## Task to carry out
From the records below, extract only the lines running from the line with "Miami Club Resort" to the line with "Audi S3 TFSI", both lines included, reproducing them exactly.

Data under study section start

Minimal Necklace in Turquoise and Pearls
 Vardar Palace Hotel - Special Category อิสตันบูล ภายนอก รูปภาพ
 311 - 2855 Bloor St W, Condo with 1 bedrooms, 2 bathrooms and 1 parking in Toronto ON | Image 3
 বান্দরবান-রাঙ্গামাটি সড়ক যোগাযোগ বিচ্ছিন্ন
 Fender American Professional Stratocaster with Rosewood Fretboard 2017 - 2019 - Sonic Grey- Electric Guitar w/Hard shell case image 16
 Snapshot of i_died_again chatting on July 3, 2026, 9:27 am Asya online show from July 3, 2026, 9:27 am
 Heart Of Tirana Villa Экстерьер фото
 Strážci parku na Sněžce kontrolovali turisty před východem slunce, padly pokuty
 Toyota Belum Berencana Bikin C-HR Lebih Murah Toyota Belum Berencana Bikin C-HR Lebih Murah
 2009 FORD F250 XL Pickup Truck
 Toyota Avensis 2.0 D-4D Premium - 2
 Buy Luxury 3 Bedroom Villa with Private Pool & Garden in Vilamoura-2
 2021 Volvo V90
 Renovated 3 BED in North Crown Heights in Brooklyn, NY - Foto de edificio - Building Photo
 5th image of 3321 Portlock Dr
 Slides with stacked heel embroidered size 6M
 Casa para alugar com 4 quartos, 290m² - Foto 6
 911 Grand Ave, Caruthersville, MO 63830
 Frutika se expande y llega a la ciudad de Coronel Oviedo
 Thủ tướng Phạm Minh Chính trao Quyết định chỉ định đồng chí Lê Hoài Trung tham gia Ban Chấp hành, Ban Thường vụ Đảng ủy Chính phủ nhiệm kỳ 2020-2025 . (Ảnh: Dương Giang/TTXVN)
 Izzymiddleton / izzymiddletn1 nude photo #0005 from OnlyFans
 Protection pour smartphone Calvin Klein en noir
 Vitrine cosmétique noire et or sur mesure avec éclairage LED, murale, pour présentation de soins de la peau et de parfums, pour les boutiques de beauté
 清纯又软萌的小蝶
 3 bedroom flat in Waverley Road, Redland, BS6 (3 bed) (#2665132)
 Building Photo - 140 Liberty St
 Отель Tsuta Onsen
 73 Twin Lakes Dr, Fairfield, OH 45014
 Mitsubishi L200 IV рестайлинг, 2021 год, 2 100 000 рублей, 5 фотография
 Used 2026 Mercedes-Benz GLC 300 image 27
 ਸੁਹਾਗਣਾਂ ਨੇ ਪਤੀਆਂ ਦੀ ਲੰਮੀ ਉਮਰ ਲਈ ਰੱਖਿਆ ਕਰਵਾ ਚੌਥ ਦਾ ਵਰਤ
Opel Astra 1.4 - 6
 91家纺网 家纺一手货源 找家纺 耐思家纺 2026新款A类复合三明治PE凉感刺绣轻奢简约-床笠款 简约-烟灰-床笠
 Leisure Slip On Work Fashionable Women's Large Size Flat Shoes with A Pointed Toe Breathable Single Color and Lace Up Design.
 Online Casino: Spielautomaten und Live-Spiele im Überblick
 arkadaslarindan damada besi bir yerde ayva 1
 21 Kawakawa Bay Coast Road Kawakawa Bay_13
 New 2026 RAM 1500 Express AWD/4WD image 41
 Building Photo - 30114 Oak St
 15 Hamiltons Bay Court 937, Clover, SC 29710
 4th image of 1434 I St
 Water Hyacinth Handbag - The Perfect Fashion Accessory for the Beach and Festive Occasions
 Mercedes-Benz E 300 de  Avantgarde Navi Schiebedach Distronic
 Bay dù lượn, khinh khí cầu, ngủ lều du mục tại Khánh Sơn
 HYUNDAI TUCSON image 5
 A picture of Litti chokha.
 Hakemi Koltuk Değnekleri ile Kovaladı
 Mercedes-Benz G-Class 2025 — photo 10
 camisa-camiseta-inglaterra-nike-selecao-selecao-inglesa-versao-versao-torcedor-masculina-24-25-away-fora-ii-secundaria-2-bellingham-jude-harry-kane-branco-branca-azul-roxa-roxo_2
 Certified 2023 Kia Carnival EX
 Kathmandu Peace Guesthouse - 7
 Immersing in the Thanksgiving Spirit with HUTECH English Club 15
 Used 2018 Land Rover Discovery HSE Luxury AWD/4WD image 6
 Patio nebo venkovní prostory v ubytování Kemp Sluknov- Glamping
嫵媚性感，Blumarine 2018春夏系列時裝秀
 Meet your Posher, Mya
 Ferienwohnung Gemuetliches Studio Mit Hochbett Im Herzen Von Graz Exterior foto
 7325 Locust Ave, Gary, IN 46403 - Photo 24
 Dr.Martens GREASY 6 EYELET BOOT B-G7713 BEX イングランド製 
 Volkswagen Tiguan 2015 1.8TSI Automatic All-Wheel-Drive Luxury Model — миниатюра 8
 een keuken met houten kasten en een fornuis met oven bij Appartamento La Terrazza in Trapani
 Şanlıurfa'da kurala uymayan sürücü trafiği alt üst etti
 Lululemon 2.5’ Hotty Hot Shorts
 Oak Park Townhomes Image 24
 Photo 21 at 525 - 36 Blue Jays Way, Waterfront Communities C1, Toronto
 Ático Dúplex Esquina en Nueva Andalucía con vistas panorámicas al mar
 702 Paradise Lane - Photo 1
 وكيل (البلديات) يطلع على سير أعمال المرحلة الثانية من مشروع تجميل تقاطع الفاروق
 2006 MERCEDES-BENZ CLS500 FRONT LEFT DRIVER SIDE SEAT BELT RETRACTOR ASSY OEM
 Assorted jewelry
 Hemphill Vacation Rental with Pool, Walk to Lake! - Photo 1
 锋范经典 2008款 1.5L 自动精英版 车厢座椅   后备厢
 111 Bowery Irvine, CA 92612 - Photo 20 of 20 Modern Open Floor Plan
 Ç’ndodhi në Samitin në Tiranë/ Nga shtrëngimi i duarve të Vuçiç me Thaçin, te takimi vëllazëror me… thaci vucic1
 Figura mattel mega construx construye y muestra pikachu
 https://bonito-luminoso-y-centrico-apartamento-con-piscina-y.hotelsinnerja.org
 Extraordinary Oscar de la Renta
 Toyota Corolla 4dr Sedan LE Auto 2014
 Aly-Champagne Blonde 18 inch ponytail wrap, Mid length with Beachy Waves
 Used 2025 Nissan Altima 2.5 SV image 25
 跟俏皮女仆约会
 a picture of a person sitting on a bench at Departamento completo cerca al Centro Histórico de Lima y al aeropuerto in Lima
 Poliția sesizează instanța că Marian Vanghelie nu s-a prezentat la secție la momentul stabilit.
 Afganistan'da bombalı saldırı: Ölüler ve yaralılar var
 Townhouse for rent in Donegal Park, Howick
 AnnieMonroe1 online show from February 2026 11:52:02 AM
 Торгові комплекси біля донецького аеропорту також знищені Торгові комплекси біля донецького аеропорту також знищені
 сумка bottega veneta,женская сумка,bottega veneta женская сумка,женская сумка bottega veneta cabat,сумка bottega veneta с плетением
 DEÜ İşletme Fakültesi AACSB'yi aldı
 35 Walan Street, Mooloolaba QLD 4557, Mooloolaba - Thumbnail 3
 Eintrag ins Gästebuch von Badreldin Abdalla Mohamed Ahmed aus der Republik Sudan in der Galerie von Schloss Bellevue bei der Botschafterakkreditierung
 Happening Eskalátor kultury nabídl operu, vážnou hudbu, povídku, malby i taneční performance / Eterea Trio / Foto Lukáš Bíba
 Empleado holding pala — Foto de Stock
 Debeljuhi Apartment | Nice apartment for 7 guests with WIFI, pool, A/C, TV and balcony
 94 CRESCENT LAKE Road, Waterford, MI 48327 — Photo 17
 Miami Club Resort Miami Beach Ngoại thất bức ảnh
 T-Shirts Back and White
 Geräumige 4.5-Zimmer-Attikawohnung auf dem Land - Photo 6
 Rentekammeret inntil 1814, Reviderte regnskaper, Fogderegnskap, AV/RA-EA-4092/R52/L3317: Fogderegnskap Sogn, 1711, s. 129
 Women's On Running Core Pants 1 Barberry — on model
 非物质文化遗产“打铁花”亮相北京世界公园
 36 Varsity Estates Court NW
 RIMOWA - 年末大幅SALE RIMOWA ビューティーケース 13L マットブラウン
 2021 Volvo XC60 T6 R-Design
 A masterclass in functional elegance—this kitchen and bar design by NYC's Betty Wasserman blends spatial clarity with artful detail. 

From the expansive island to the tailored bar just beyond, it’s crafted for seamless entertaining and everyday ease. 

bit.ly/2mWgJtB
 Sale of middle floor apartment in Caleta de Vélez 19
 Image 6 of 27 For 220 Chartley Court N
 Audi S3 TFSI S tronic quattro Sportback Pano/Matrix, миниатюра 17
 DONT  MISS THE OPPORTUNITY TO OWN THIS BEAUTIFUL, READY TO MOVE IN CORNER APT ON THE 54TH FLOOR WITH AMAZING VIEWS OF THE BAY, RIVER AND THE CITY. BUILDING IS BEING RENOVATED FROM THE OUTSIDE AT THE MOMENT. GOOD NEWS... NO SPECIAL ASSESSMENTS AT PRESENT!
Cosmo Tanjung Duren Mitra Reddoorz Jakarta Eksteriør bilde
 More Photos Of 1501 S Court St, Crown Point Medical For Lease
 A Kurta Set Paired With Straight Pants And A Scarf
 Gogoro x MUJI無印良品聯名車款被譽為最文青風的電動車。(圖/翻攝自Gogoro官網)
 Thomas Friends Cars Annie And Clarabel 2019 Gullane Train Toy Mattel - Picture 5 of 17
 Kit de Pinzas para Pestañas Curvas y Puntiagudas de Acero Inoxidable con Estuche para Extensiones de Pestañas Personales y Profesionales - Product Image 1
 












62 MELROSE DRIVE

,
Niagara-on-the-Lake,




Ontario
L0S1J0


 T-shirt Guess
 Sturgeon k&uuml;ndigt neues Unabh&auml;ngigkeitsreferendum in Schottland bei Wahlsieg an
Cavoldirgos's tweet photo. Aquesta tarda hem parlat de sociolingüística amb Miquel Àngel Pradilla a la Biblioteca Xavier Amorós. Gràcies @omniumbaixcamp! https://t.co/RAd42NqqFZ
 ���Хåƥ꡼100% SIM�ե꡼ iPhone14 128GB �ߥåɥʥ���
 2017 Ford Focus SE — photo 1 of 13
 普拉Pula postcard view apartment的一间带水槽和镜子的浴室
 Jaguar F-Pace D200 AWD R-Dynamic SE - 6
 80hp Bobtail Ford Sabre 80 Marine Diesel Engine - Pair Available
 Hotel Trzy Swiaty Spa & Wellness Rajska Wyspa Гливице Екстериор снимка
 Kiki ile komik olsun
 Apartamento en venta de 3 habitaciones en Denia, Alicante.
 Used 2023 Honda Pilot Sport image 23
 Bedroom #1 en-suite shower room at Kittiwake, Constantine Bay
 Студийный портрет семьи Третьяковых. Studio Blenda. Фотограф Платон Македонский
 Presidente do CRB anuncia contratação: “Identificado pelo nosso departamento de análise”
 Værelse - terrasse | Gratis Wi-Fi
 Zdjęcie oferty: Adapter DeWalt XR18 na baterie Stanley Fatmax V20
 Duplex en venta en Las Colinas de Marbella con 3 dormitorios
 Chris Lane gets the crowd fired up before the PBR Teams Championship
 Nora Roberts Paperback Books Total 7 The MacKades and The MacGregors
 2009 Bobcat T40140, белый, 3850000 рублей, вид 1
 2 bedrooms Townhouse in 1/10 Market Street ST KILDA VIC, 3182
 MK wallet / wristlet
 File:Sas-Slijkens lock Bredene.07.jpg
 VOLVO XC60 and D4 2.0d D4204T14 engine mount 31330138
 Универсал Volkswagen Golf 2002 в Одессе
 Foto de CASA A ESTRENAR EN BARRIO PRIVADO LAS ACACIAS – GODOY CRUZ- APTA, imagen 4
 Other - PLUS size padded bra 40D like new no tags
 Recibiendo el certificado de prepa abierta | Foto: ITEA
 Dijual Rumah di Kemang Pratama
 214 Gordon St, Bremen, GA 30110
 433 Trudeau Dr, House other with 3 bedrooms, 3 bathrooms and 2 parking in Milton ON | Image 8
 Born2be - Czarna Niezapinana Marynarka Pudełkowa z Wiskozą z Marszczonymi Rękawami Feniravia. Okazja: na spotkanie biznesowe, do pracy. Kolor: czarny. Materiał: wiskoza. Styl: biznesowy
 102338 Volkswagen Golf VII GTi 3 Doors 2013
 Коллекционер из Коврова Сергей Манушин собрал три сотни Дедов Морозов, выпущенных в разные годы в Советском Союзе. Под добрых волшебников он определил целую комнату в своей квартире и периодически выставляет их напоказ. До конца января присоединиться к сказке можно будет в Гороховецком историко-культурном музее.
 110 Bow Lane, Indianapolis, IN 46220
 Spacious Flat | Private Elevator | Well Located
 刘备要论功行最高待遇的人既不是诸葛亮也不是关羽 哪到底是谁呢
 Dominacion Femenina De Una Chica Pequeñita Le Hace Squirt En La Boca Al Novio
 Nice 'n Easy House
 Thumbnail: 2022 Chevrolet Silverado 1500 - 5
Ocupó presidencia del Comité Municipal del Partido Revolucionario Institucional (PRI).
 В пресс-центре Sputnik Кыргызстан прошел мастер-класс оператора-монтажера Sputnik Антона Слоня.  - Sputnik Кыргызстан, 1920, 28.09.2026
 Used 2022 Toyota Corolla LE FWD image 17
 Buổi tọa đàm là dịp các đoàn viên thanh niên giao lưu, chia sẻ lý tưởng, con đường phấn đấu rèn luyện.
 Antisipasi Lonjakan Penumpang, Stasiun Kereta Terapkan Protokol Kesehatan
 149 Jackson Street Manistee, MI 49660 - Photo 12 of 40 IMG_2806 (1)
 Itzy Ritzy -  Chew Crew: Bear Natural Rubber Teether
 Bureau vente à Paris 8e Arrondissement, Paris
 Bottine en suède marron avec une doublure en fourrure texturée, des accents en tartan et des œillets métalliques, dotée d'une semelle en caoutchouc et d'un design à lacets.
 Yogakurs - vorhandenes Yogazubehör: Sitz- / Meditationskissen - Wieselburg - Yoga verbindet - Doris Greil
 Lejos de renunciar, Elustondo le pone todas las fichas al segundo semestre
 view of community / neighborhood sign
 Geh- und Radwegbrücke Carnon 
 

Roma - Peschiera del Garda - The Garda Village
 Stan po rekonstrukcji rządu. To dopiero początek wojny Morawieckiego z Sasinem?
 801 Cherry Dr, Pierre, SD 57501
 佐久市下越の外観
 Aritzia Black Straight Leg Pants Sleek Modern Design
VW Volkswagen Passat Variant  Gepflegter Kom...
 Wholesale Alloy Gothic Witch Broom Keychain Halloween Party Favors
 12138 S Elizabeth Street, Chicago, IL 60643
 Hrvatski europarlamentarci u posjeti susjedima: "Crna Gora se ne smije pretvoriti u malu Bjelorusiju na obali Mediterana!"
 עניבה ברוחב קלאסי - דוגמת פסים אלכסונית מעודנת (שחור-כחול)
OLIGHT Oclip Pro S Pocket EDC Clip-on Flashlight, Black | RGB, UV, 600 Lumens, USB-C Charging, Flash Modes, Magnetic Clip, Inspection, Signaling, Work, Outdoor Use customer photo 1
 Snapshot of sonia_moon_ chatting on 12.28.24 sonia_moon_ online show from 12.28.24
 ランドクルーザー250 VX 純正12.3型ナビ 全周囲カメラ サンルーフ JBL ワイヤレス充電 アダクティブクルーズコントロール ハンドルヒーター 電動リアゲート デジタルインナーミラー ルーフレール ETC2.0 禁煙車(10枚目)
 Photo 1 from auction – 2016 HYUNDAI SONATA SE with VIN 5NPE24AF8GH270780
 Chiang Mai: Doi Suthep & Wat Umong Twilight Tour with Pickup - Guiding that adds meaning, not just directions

Data under study section end

## Expected answer
 Miami Club Resort Miami Beach Ngoại thất bức ảnh
 T-Shirts Back and White
 Geräumige 4.5-Zimmer-Attikawohnung auf dem Land - Photo 6
 Rentekammeret inntil 1814, Reviderte regnskaper, Fogderegnskap, AV/RA-EA-4092/R52/L3317: Fogderegnskap Sogn, 1711, s. 129
 Women's On Running Core Pants 1 Barberry — on model
 非物质文化遗产“打铁花”亮相北京世界公园
 36 Varsity Estates Court NW
 RIMOWA - 年末大幅SALE RIMOWA ビューティーケース 13L マットブラウン
 2021 Volvo XC60 T6 R-Design
 A masterclass in functional elegance—this kitchen and bar design by NYC's Betty Wasserman blends spatial clarity with artful detail. 

From the expansive island to the tailored bar just beyond, it’s crafted for seamless entertaining and everyday ease. 

bit.ly/2mWgJtB
 Sale of middle floor apartment in Caleta de Vélez 19
 Image 6 of 27 For 220 Chartley Court N
 Audi S3 TFSI S tronic quattro Sportback Pano/Matrix, миниатюра 17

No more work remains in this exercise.